Re: Intent of ER-XML from David Carlisle on 2012-02-27 (public-xml-er@w3.org from February 2012)

From: David Carlisle <davidc@nag.co.uk>
Date: Mon, 27 Feb 2012 00:00:28 +0000
To: David Lee <David.Lee@marklogic.com>
CC: "public-xml-er@w3.org" <public-xml-er@w3.org>
Message-ID: <4F4AC79C.2070201@nag.co.uk>
On 26/02/2012 23:26, David Lee wrote:
> Great discussion ! To correct David C, actually what I am asking for
> is debate and clarity, not (yet) proposing an answer.

True, noted, but what I meant I think was that's what (I understood)
your second option to be discussing (although you further
clarify/correct that below).

> In particular, I am not suggesting a mapping at the serialization
> level. I think we have more than just a terminology class, but an
> "idea" or "philosophical" clash.
>
> Good point about there not being an actual spec of what an "XML
> Processor" really is.
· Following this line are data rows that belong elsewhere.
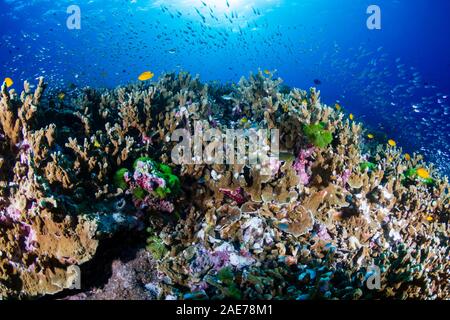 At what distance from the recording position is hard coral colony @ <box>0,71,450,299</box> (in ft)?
11.1

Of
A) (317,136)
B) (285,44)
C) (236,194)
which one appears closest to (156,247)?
(236,194)

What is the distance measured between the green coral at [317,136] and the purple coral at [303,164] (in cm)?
15

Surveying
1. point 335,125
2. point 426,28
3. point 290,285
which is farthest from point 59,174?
point 426,28

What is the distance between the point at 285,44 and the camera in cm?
2516

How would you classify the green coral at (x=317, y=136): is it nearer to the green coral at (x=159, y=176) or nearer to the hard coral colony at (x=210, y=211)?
the hard coral colony at (x=210, y=211)

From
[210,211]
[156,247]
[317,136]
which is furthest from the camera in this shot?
[317,136]

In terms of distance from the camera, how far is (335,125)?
17.6 ft

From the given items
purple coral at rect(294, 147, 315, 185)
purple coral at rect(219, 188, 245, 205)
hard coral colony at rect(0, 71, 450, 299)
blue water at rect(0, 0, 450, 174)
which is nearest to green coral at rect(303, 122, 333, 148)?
hard coral colony at rect(0, 71, 450, 299)

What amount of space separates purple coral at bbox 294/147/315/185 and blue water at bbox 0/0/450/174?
6.34 meters

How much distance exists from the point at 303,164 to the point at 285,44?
2316 cm

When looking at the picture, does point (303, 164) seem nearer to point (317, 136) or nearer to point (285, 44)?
point (317, 136)

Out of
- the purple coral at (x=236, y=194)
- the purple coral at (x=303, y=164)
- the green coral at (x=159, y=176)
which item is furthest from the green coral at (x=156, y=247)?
the purple coral at (x=303, y=164) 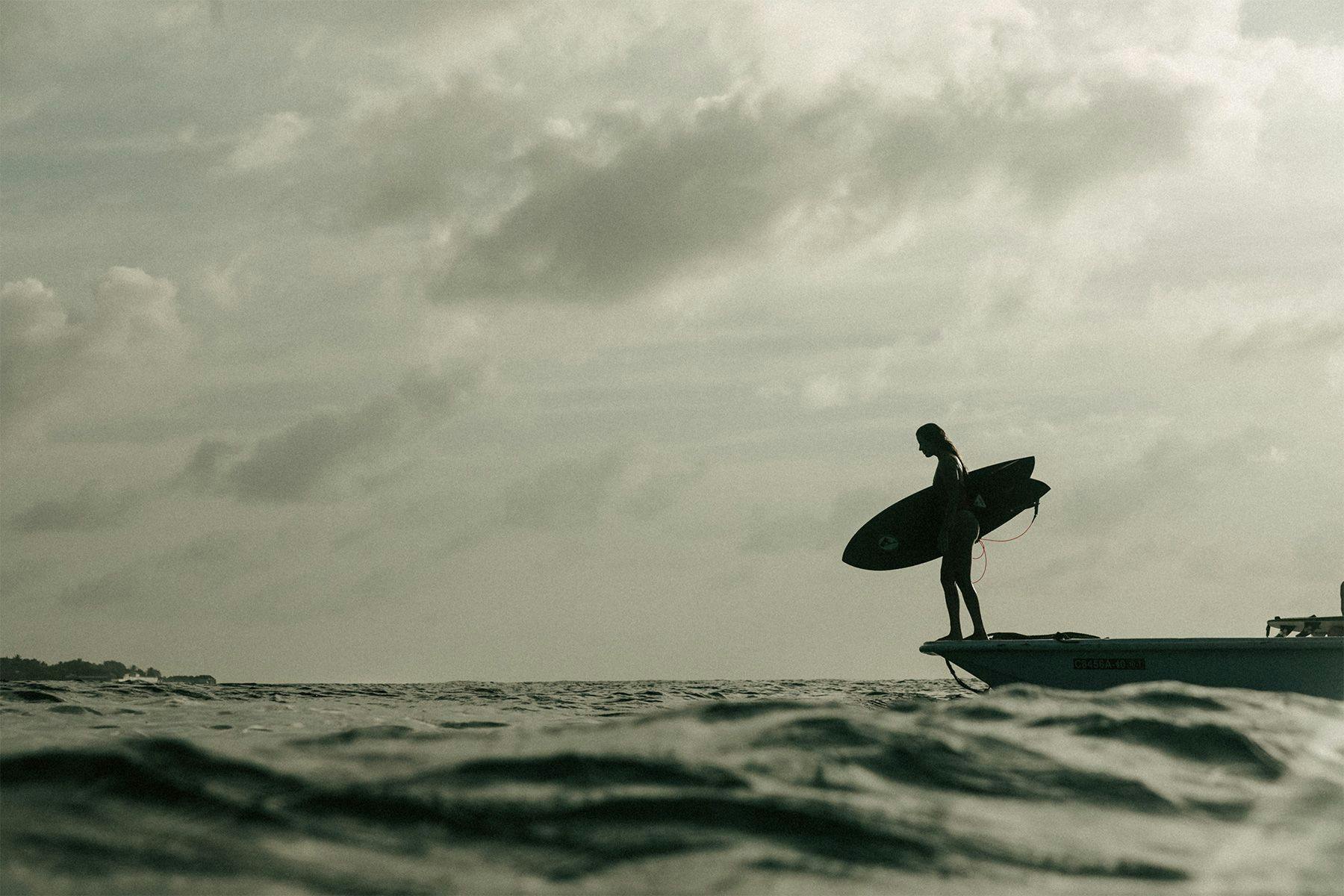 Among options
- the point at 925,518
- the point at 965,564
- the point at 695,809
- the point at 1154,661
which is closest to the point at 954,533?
the point at 965,564

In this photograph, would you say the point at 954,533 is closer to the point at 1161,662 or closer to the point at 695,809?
the point at 1161,662

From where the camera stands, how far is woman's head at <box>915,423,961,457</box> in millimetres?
12031

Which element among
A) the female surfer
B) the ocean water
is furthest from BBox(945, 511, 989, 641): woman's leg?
the ocean water

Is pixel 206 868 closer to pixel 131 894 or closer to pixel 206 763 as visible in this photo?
pixel 131 894

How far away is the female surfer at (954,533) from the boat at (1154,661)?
1.05ft

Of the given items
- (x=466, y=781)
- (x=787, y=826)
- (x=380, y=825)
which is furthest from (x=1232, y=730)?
(x=380, y=825)

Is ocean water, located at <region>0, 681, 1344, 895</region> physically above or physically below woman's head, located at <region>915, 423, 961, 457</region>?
below

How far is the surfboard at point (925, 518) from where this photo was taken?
1314 cm

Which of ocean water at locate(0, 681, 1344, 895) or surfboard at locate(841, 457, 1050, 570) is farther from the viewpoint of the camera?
surfboard at locate(841, 457, 1050, 570)

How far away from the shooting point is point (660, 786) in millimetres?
4184

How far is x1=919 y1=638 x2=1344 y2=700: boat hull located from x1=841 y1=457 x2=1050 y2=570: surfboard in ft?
7.02

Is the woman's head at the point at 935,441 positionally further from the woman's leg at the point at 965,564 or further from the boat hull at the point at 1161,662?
the boat hull at the point at 1161,662

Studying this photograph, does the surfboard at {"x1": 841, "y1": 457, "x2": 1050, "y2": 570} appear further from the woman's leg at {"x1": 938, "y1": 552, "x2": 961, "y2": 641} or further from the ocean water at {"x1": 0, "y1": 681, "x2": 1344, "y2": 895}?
the ocean water at {"x1": 0, "y1": 681, "x2": 1344, "y2": 895}

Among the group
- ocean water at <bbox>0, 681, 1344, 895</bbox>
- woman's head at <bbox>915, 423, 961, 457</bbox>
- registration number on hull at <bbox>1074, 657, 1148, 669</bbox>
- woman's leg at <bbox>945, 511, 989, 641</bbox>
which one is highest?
woman's head at <bbox>915, 423, 961, 457</bbox> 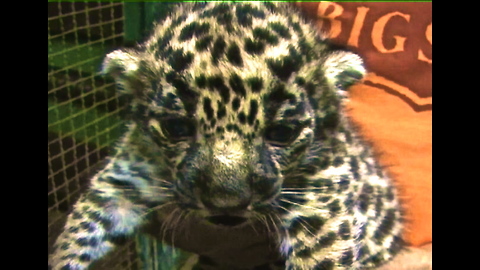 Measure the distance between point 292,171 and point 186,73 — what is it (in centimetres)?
26

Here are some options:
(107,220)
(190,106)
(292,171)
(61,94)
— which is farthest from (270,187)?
(61,94)

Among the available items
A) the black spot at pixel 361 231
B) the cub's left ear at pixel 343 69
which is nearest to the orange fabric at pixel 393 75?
the cub's left ear at pixel 343 69

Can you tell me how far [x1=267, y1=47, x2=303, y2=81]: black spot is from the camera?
0.88 meters

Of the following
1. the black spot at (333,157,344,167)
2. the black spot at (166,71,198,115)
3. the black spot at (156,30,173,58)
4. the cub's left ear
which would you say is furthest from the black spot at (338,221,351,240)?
the black spot at (156,30,173,58)

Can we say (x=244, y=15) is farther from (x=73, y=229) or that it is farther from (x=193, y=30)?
(x=73, y=229)

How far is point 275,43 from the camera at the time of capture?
90 cm

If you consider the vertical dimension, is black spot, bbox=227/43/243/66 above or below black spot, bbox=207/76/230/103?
above

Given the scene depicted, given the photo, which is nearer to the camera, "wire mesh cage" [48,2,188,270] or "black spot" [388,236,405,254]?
"wire mesh cage" [48,2,188,270]

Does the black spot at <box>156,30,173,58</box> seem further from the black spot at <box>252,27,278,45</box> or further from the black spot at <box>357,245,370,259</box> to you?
the black spot at <box>357,245,370,259</box>

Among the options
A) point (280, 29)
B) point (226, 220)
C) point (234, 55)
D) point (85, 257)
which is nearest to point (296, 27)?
point (280, 29)

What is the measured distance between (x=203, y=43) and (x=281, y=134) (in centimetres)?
21

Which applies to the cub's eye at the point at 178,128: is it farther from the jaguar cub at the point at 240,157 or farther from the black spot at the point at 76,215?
the black spot at the point at 76,215

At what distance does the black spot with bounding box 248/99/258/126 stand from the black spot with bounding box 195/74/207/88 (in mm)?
84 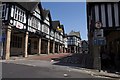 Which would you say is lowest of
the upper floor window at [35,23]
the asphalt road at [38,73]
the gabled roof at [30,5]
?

So if we don't know what an "XML Processor"
> is, how can we describe a "Drop In" replacement for one? (Without
> first trying to spec out this mysterious "XML Processor" then adding
> on the new XML-ER stuff).
>
> Let me attack this from the other side. What do we NOT want to
> define.
>
> I do not want to define an API.   I think that is bitten  the
> standards world in the past. It limits the creativity of
> implementers.  It also make things vastly less useful in this
> particular case because we would limit an implementation to have to
> use *or be a replacement for* a particular API (and language?).
>
> E.g.   Suppose my app uses the Java StAX API.   I want to add in
> "XML-ER" capability to it. If XML-ER is defined as an API that isn't
> StAX then I couldn't ever use it.

Yes I certainly would want this to be usable with stax or sax or
anything else. It may be that using the DOM as the output tree
description gives the impression that applications have to use the DOM
API and that would be unfortunate. Either the document needs to say
clearly somewhere that it's only specifying an abstract result tree and
that the tree may not be ever built and a streaming SAX interface or any
other interface may be used, or the DOM terminology could be changed to
a more obviously abstract tree description such as infoset.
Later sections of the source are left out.